- _Task_
What is needed is a faithful transcription of all the data below, pictures excluded.

- _Stored data_

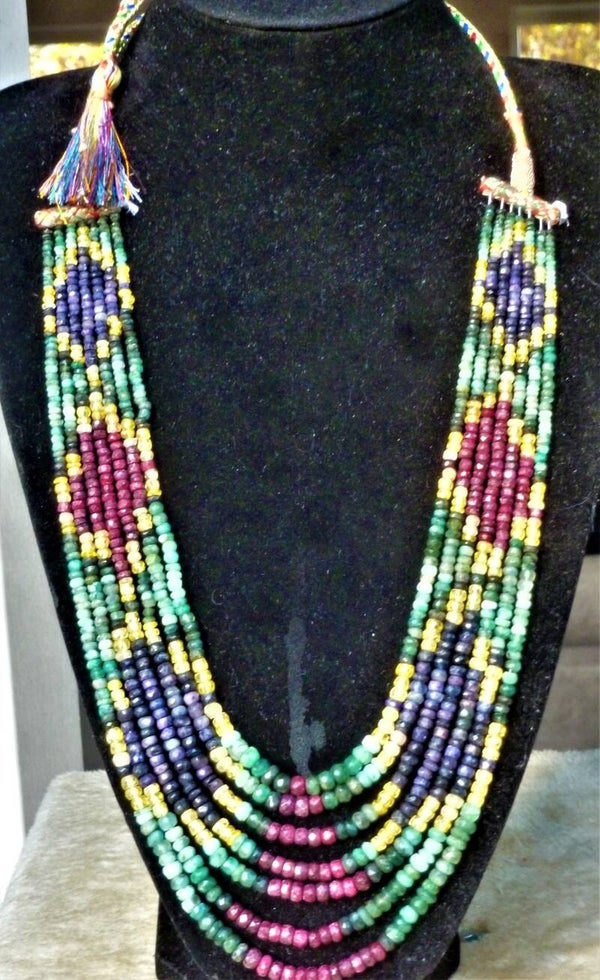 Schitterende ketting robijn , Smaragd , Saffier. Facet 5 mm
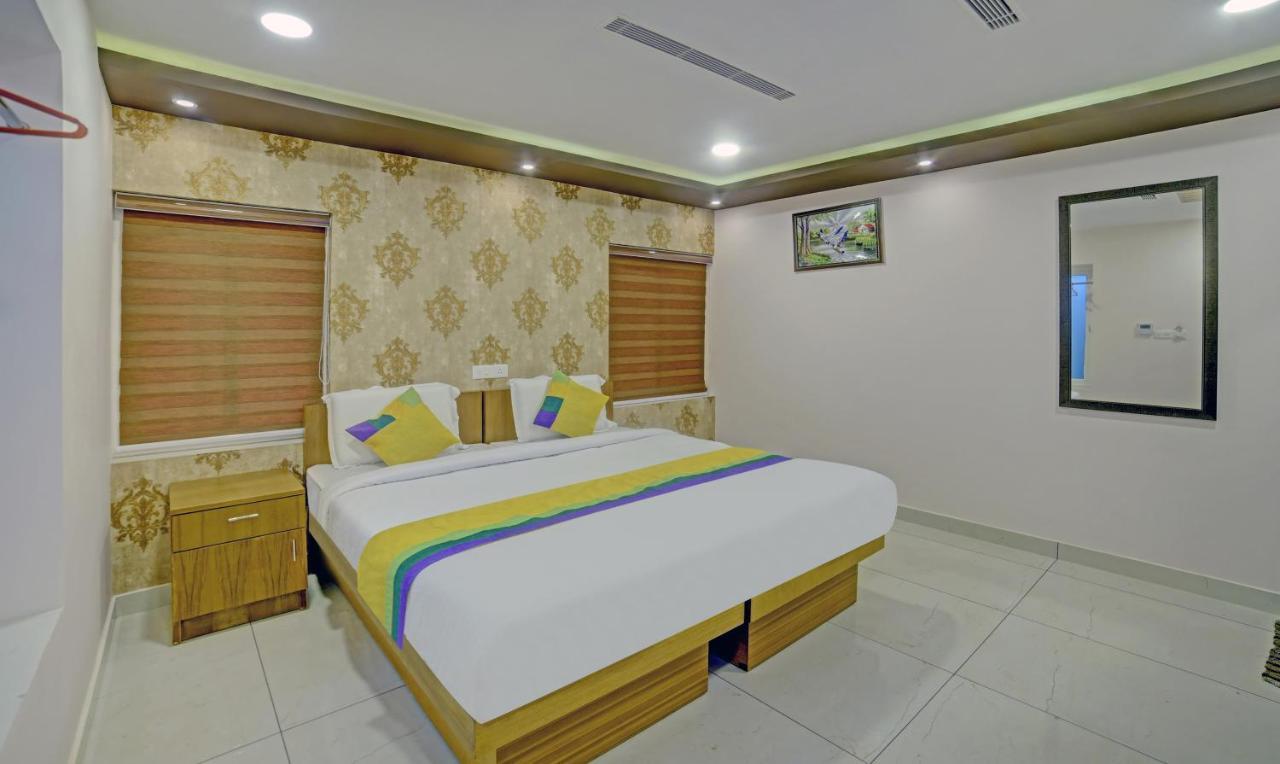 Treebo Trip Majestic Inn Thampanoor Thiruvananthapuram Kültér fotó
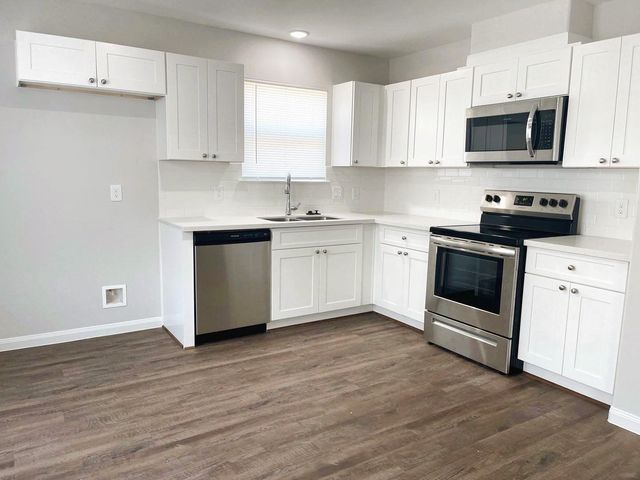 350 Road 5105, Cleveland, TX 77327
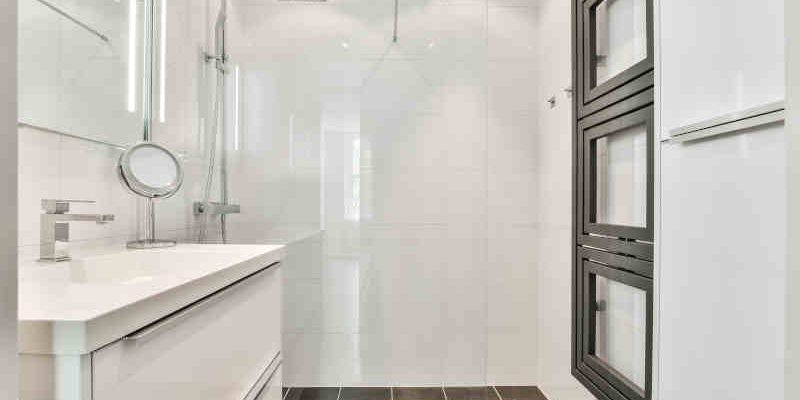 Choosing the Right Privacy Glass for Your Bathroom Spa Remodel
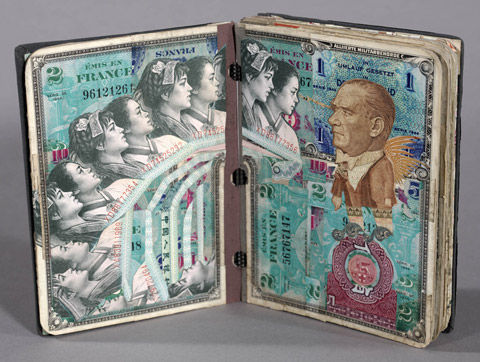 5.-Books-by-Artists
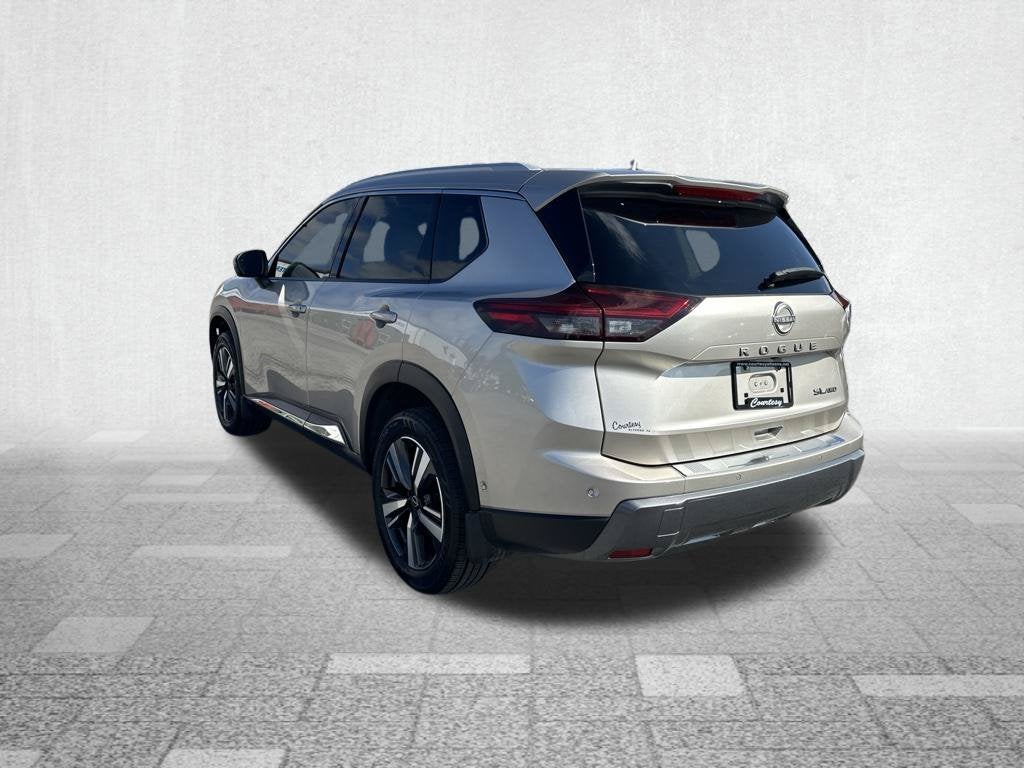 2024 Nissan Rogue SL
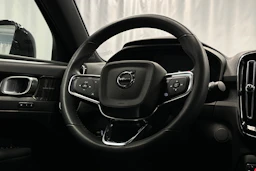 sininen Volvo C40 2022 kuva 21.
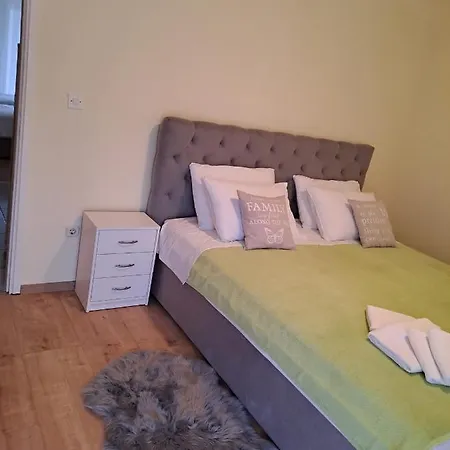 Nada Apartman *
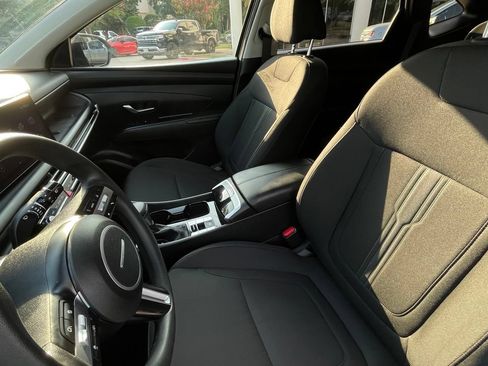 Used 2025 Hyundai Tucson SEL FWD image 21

- _Expected answer_
 Schitterende ketting robijn , Smaragd , Saffier. Facet 5 mm
 Treebo Trip Majestic Inn Thampanoor Thiruvananthapuram Kültér fotó
 350 Road 5105, Cleveland, TX 77327
 Choosing the Right Privacy Glass for Your Bathroom Spa Remodel
 5.-Books-by-Artists
 2024 Nissan Rogue SL
 sininen Volvo C40 2022 kuva 21.
 Nada Apartman *
 Used 2025 Hyundai Tucson SEL FWD image 21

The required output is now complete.